• [Problem to work on]:
Without any of its pictures, the listing below should be output exactly.

• [Recorded information]:
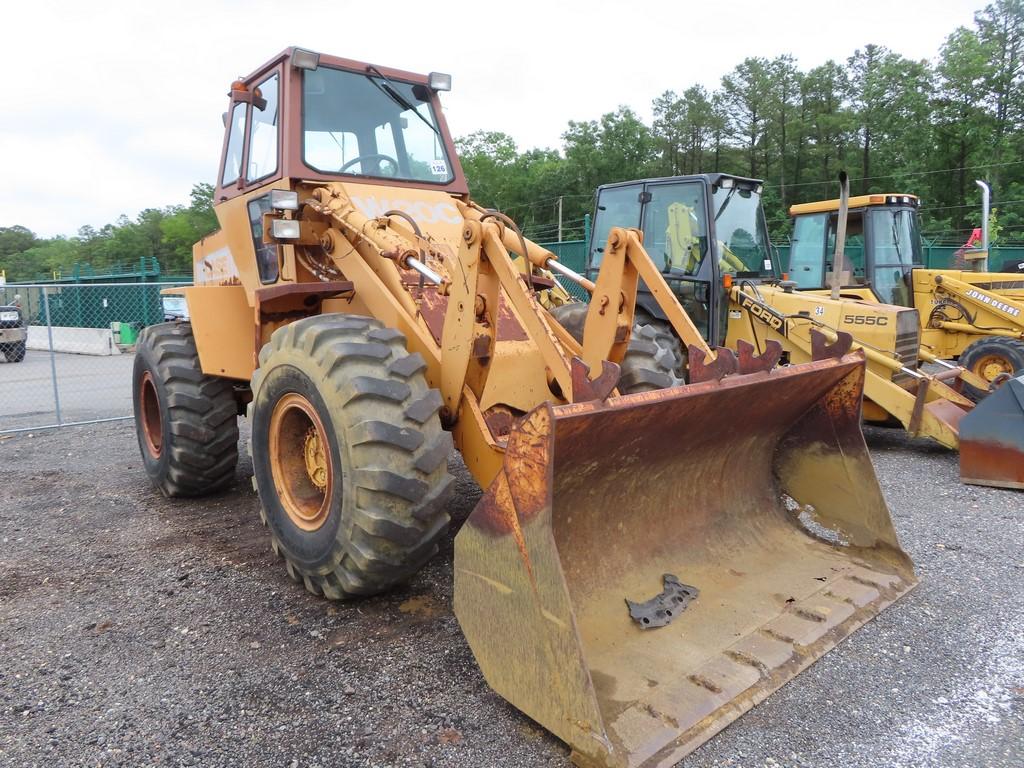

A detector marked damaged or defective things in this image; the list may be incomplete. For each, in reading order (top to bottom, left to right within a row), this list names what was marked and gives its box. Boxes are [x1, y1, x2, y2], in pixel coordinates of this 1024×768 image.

rusty metal bracket [565, 354, 618, 403]
rusty metal bracket [688, 348, 737, 385]
rusty metal bracket [737, 342, 782, 376]
rusty metal bracket [811, 329, 851, 362]
rusty bucket interior [958, 374, 1024, 493]
rusty bucket interior [452, 358, 917, 768]
rusty metal bracket [626, 573, 700, 626]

• [Solution to the exercise]:
A detector marked damaged or defective things in this image; the list may be incomplete. For each, in reading order (top to bottom, left to right within a row), this list names what was marked and gives its box. Boxes are [x1, y1, x2, y2], in pixel coordinates of this 1024×768 image.

rusty metal bracket [565, 354, 618, 403]
rusty metal bracket [688, 348, 737, 385]
rusty metal bracket [737, 342, 782, 376]
rusty metal bracket [811, 329, 851, 362]
rusty bucket interior [958, 374, 1024, 493]
rusty bucket interior [452, 358, 917, 768]
rusty metal bracket [626, 573, 700, 626]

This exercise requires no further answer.